Savonarola's prophecies or the Friar's Predictions are the main basis for the series. These prophecies made many predictions about the Catholic Church; even the demise of Rome. Before all these predictions, a battle was to take place.

==Characters==
- Adele
A street performing acrobat that teams up with Karin. Adele also carries around flint to produce flames for her performances (they are said not to burn/hurt those who touch it). She wields a long, cross-like spear that is supposed to symbolize the Alpha Cross or Fennel Stalk. Throughout the first two volumes, there are rumors leading to this spear causing the holders' soul to divide into many. The previous carrier was said to have twelve souls/personalities.
- Karin
Adele's traveling partner and a fortune teller. There are sharp daggers, knives, needles, and nails that come out of her hands in order to predict the intensity and importance of what she foresees. Karin was trained by her grandmother. At a young age, her mother sold her to a nunnery where she met Adele.
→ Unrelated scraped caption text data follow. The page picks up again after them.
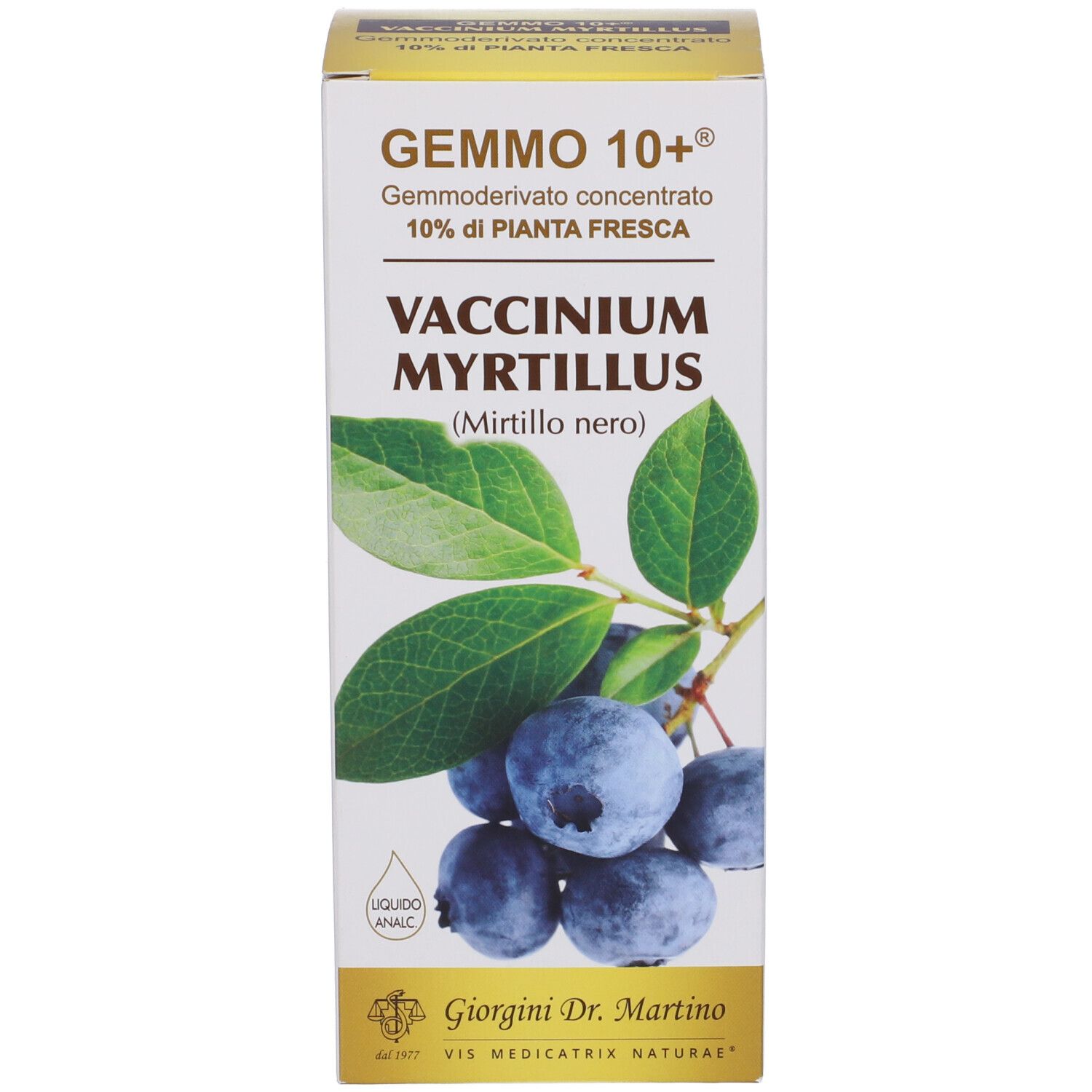 Gemmo 10+ Mirtillo Nero Liquido Analcolico 500 Ml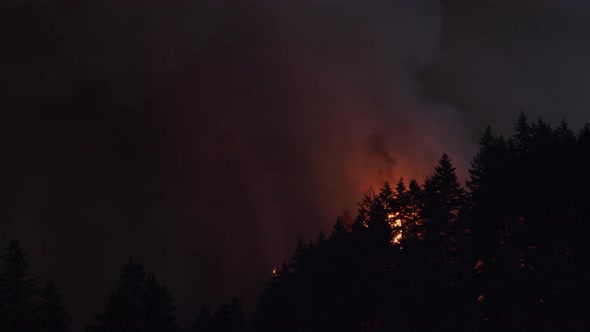 Forest Fire Near Portland Oregon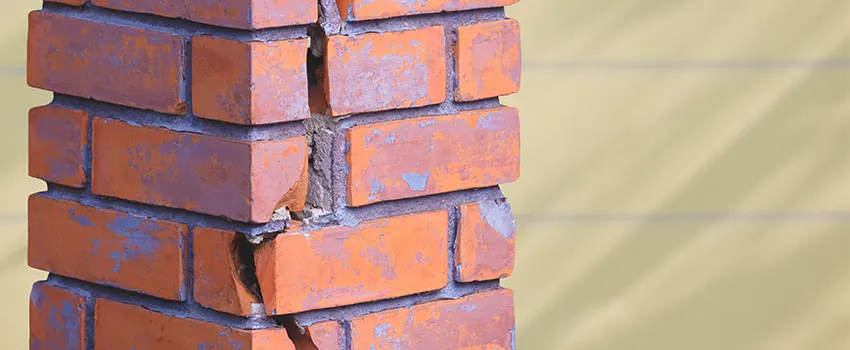 Repairing Cracked Porcelain Tiles for Fireplace in West Whittier-Los Nietos, CA
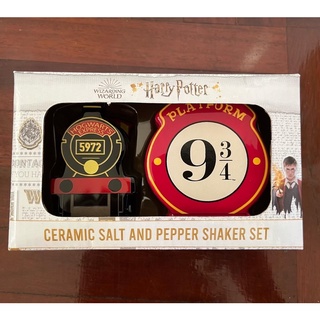 Harry potter hogwarts express platform ceramic Salt&amp;Pepper shaker แฮร์รี่พอตเตอร์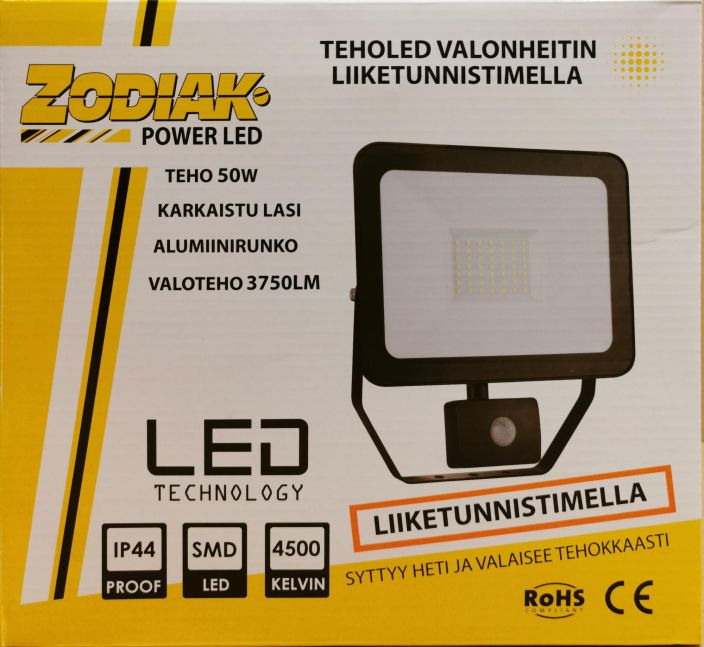 Zodiak 50W Led-valonheitin tunnistimella  tuotekuva 1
Karin and Adele later left the nunnery due to a fire that may have been started by themselves.

==Publication==
Written by Tow Ubukata and illustrated by Mami Itoh, Pilgrim Jäger was serialized in Shōnen Gahōsha's seinen manga magazine Young King OURs from 2001 to 2006. Shōnen Gahōsha collected its chapters in six tankōbon volumes, released from May 29, 2002, to November 27, 2006. The series was canceled after the six volumes and Ubukata expressed in an Otaku USA interview a desire to finish it someday.

In North America, the manga was licensed by Media Blasters; they only released the first three volumes, from November 2004 to July 2005, before announcing in 2007 that they had canceled its publication.